Lombardia degradata, dunque, in
competitività: retrocessa dal centesimo al centoventottesimo posto fra le 262
regioni prese in considerazione da una ricerca europea. Notizia che
merita qualche considerazione, aldilà del moto di frustrazione - stato d'animo
del quale di questi tempi non sentiamo il bisogno - per chi, come il lombardo
tipo, vive nell'illusione di essere sempre e di diritto il primo della classe e
tralasciando le conseguenti inevitabili polemiche del tipo «è colpa tua» - «no,
è colpa tua». Prima considerazione è l'invito a leggere sempre con una certa
diffidenza i risultati di queste ricerche internazionali, i cui risultati
troppo spesso danno l'impressione di essere viziati da pregiudizi o discutibili
criteri di valutazione. Basti ricordare che secondo un'indagine «indipendente»
sulla libertà di stampa di Reporter Sans Frontieres - organizzazione della quale
sono note le tendenze sinistrorse - l'Italia si piazzerebbe al
cinquantasettesimo posto, diverse posizioni dopo Haiti, le Comores e la
Moldavia. Ma, pur salvandone la buona fede e l'indipendenza reale, a rendere
opinabili i risultati di queste ricerche contribuiscono anche i criteri, in
gran parte soggettivi, con cui si scelgono i parametri da valutare - perché
certi e non altri? - e il peso specifico che si attribuisce a ciascuno di essi.

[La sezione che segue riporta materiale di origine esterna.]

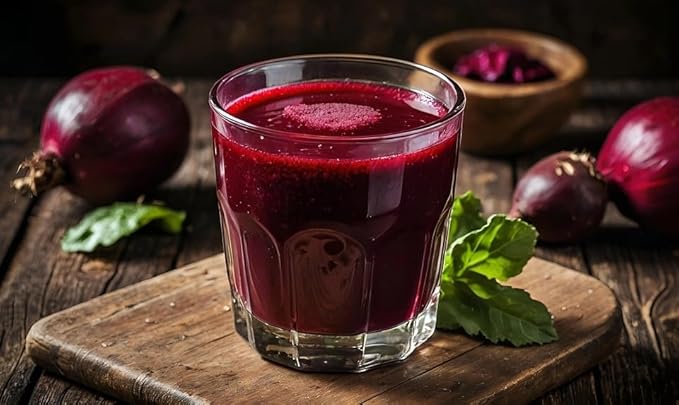 Cylindra Beet Seeds for Planting, 100 Heirloom Seeds, Non-GMO Sweet Beet Seeds for Sprouting, Cylindrical Shape for Easy Slicing & High Yield, Perfect for Planting Indoor & Outdoor Gardens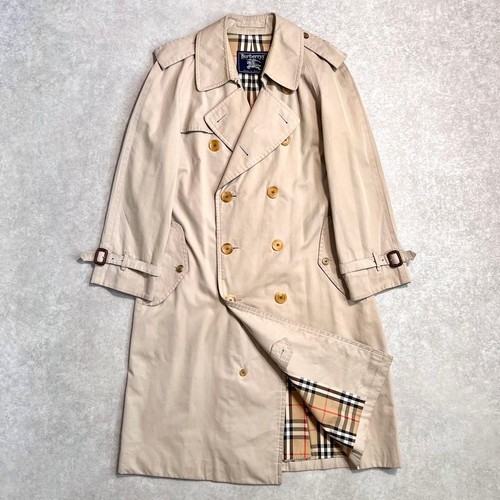 Burberry trench cappotto - burberry,
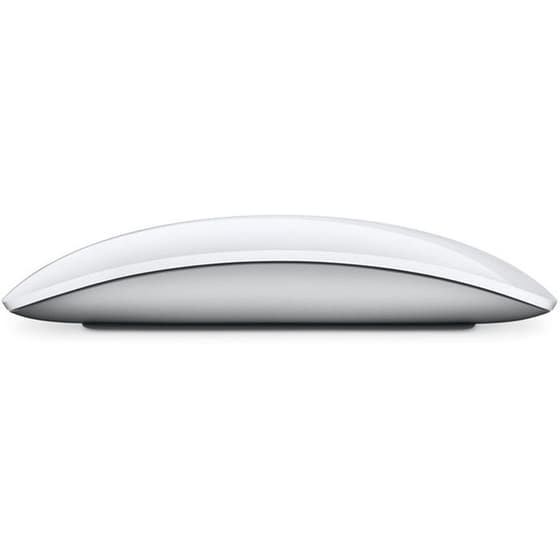 Apple Magic Multitouch Surface Ασύρματο Ποντίκι - Λευκό image 3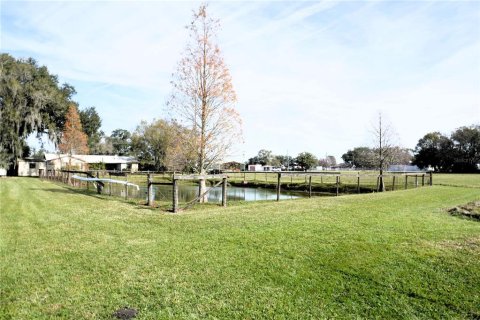 Villa ou maison à vendre à Plant City, Floride: 3 chambres, 194.44 m2 № 964609 - photo 10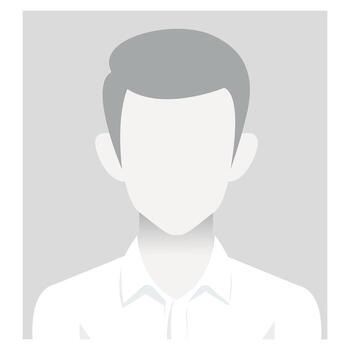 Placeholder Person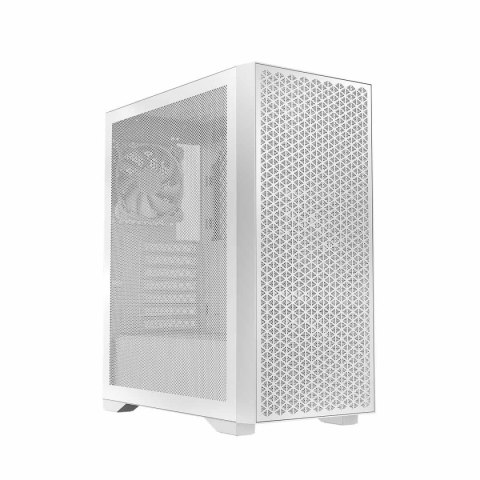 Obudowa LOGIC DART PRO MIDI USB 3.0 x 2 USB-C x 1 biała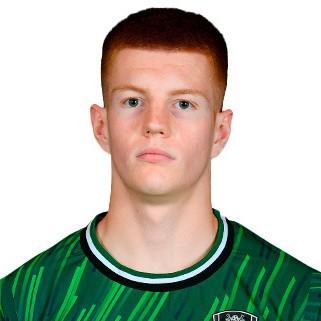 Bogdanets Kirill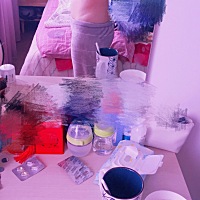 希望可以瘦回到以前👺👺👺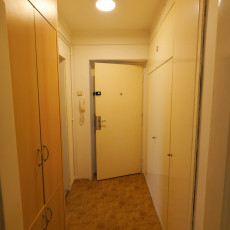 Pronájem bytu 2+1 v Uherském Brodě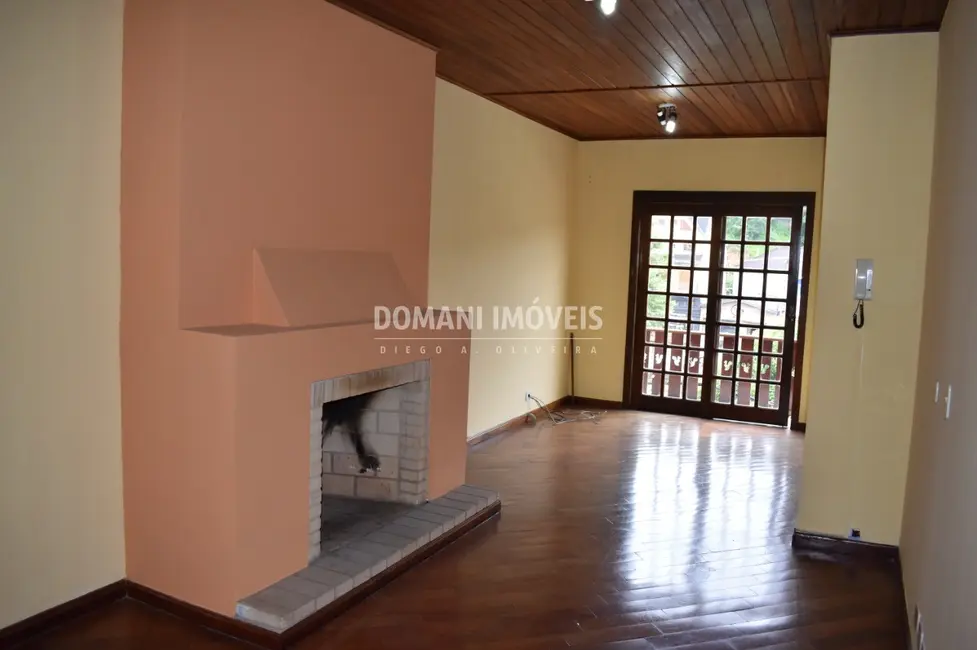 Apartamento com 3 quartos à venda, 123m2 em Campos Do Jordao - SP - imagem 5 Foto 5 de Apartamento com 3 quartos à venda, 123m2 em Campos Do Jordao - SP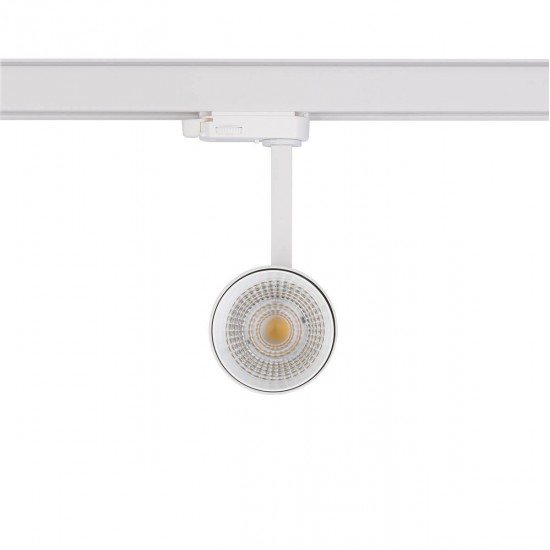 Spot Sina 3 Faze Ctls Milo Led 25W 8761 Nowodvorski LED, Alb, Polonia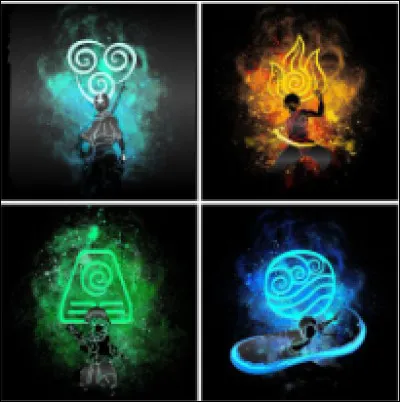 Quel &eacute;l&eacute;ment pr&eacute;f&egrave;res-tu ?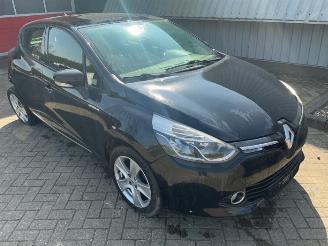 Auto da rottamare Renault Clio Clio IV (5R), Hatchback 5-drs, 2012 / 2021 0.9 Energy TCE 90 12V 2014/12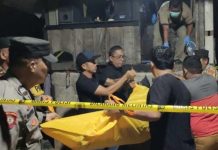 Aripin Tewas Telungkup di Bedeng Karimun, Jaiz: Telinga Keluarkan Cairan dan Kerumuni Semut Bedeng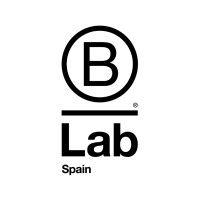 b lab spain logo image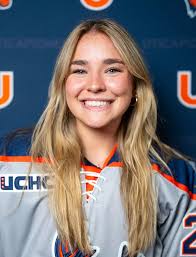 2024-2025 Women's Ice Hockey Roster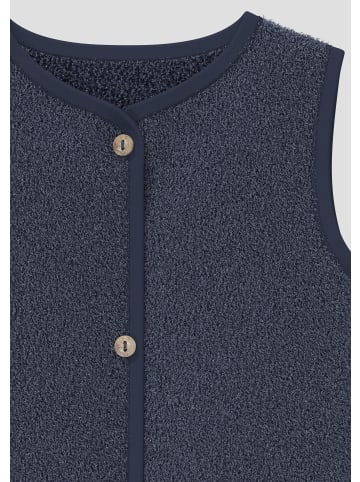 s.Oliver Indoor-Weste in 5952_navy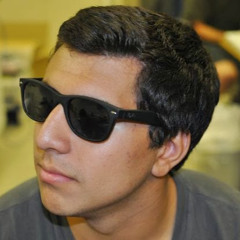 Xavier Marchan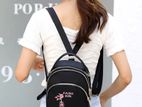 Nylon Handbags Zipper for Female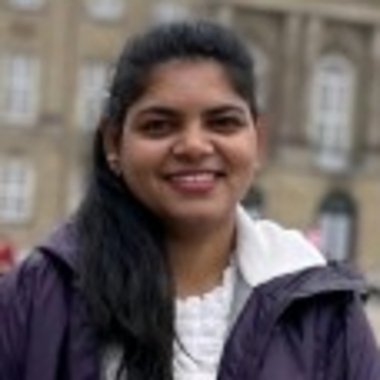 Jyothirmaye K. - Freelance Developer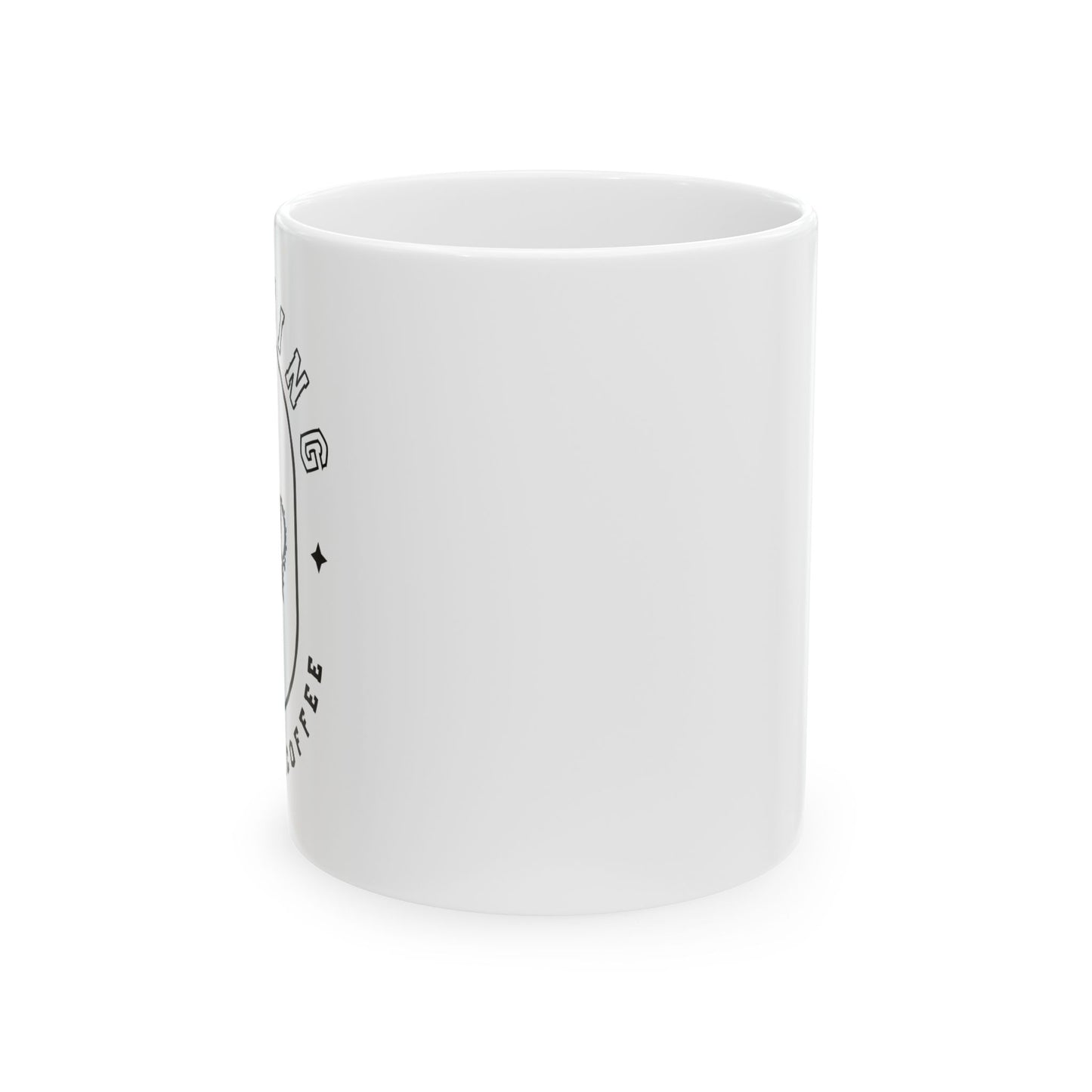 Caffeine King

Ma nel nostro caso, sull'arretramento del livello di competitività della regione, si impone qualche considerazione trascurata dai molti commentatori dediti al masochismo e all'autoflagellazione. Appare, cioè, abbastanza chiaro che certe debolezze del sistema lombardo sono prevalentemente imputabili allo stato centrale mentre i punti di forza sono quelli che godono di maggiore autonomia regionale. Ad esempio nella ricerca europea pesano negativamente la corruzione (indotta da uno strapotere della debordante burocrazia e dal pervasivo sistema di norme), l'inefficienza del sistema giudiziario, su cui assolutamente nulla può la regione, e l'educazione universitaria, per la quale la competenza è tutta statale. Bene invece le infrastrutture, per il cui sviluppo la Lombardia si è sempre dovuta battere e - viene da aggiungere - nonostante le resistenze dello stato centrale e della burocrazia. E bene, anzi benissimo, la sanità, vero fiore all'occhiello e motivo di vanto del «sistema Lombardia», di esclusiva competenza regionale. Così come migliora anche la valutazione del mercato del lavoro, che dalle nostre parti in questi anni di crisi ha fatto meno vittime che altrove. Tutto ciò, naturalmente, nulla ha a che vedere col reddito pro capite, che resta fra i più alti in Europa, e con il tasso di disoccupazione, fra i più bassi.
Insomma, per quanto riguarda i fattori dell'innovazione, cioè legati alle prospettive di sviluppo, quello che si riesce a gestire a livello regionale ci dà maggiori soddisfazioni di ciò che dipende dallo stato centrale. Per qualche commentatore, invece, aver investito tanto sulla carta federalista non avrebbe dato buoni risultati. È vero esattamente il contrario giacché, in primo luogo, di vero federalismo non se ne vedono tracce mentre le considerazioni che abbiamo fatto finora dimostrano esattamente il contrario, e cioè che è proprio di federalismo - ma di quello vero - che abbiamo bisogno per crescere.